First of all, I must point out that the major news media (cough CNN) got it wrong when they said that this QDR marked a strong change in DoD policy because it stated a departure from the previous strategy of planning to be able to fight and win two wars at the same time. In fact this QDR comes out and clearly says that the US wishes to maintain "the ability to prevail against two capable nation-state aggressors." The QDR does say that instead of fighting two wars simultaneously that we expect instead to be engaged in multiple small conflicts around the world for the foreseeable future. It is my understanding, and please someone challenge me if I am wrong here, that the DoD is now defining Iraq and Afghanistan as small wars. I would agree with them in the sense that casualty rates are drastically lower than previous conventional wars like Korea and World War II but even though these wars are costing us less in blood they do come with huge price tags. I thus believe that our operations in Somalia and Yemen would be more aptly refferred to as small wars than Iraq and Afghanistan.

The issue that I believe is the most innovative in this year's QDR is the sections dealing with Northcomm's future role in homeland defense. Previously, the US military has been reticent to officially state the fact that there are plans in place for the US military to step in and perform civilian functions such as disaster response and policing in the event of a national disaster either act of god or man made. And for good reason. The US military is already committed enough oversees to be now taking on domestic functions, there is also a fine line between responding to real needs on the ground and violating the posse committatus act. The 2010 QDR calls for Northcom to downgrade the size of CBRNE Consequence Management Response Forces (CCMRFs) and then merge these teams with national guard forces to form Homeland Response Forces in each of the ten FEMA regions. This move should help bridge the typical 3-5 gap between when a disaster occurs and federal authorities arrive on the scene. This large change in military thinking can be attributed to former CSIS scholar and now Principle Deputy Assistant Secretary of Defense for Homeland Defense Christine Wormuth who argued for just this change in a report two years ago entitled "Managing the Next Domestic Catastrophe." See people, think tanks can make a difference....

My major complaint with the QDR is that it says that we will continue to upgrade our COIN capabilities but it fails to say whether or not we are going to make COIN the military's top priority or if we will continue to plan for fighting major wars (presumably against China and Russia). From reading Secretary Gates' recent articles in Foreign Affairs it is my belief that he and the civilian defense leadership believe that all future wars will be Hybrid Wars. This term refers to small groups of trained unconventional fighters using sophisticated weaponry to enact large scale destruction against conventional forces. While this way of fighting obviously applies to Hezbollah's 2006 war with Israel it would also likely be the preferred strategy of a state like Iran should it ever find itself at war with the US. In addition to using their advanced missile technology to harm our conventional forces, Iran is also likely to utilize suicide vessels and anti ship missiles to stop the US Navy's ability to launch attacks from the Persian Gulf. Hybrid war is the future but I barely see it talked about in the QDR. I am no insider but I would have to guess that the military services objected to an overemphasis on hybrid war because it is just the type of conflict that a large conventional force is unprepared to fight.
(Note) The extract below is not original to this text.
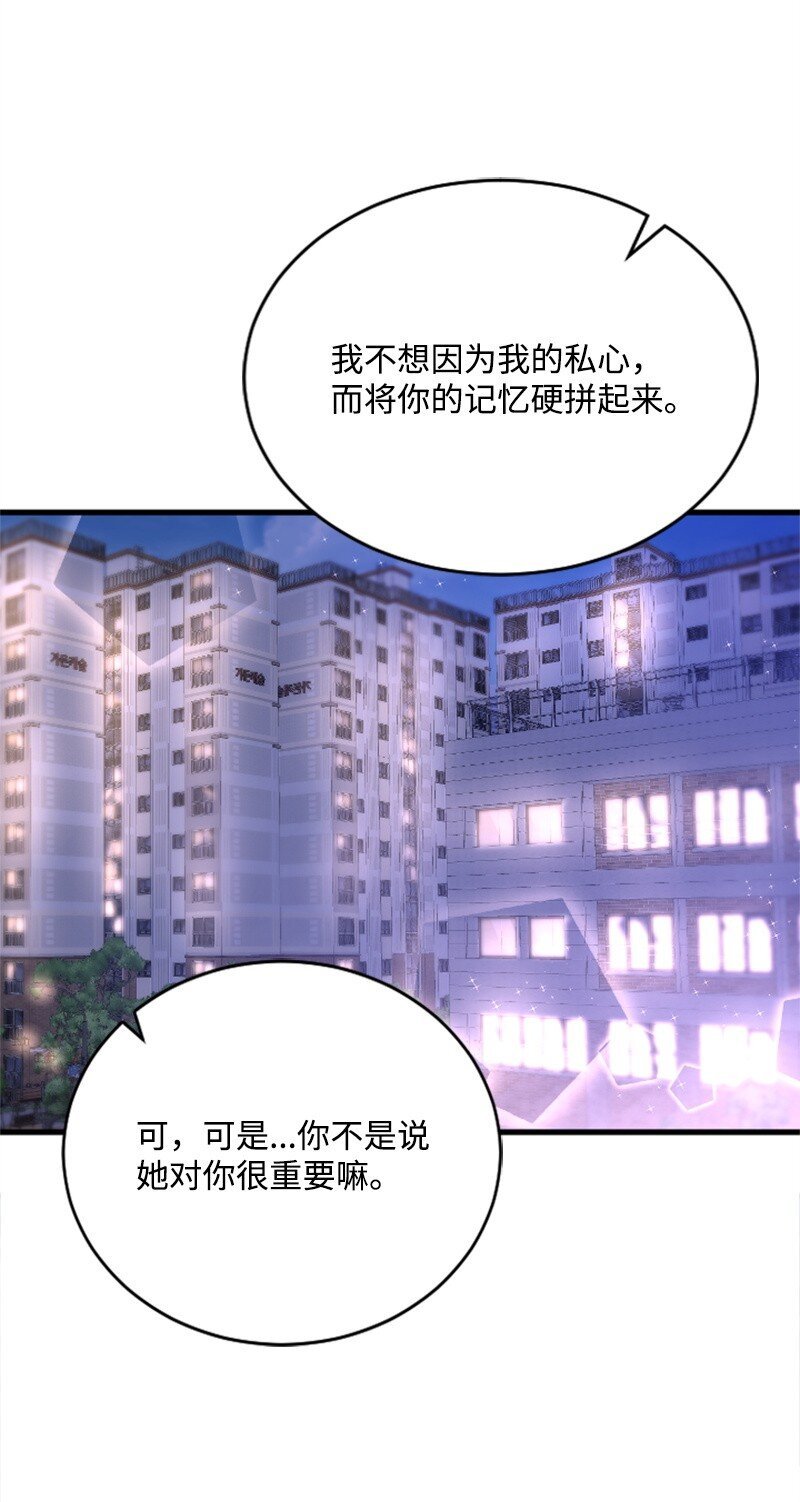 45 记忆碎片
Secretary Gates has already announced the cancellation or delay of the following programs:
  • CG(X) Cruiser
  • C-17 Airlift Aircraft
  • DDG 1000 Destroyer
  • The Army's Future Combat Systems Program
  • Delayed the new aircraft carrier
  • Ended production of the F-22 Fighter
However, what the QDR doesn't mention (and really how could it) is that it is really not up to Secretary Gates which programs get cut from the budget. Congress will decide what equipment the DoD orders and the fact remains that the F-22 fighter, the new aircraft carrier and the C-17 are all incredibly popular programs on Capital Hill because they employ people in virtually every state. Gates may be trying to move the DoD forward, but he will only get as far as Congress will let him.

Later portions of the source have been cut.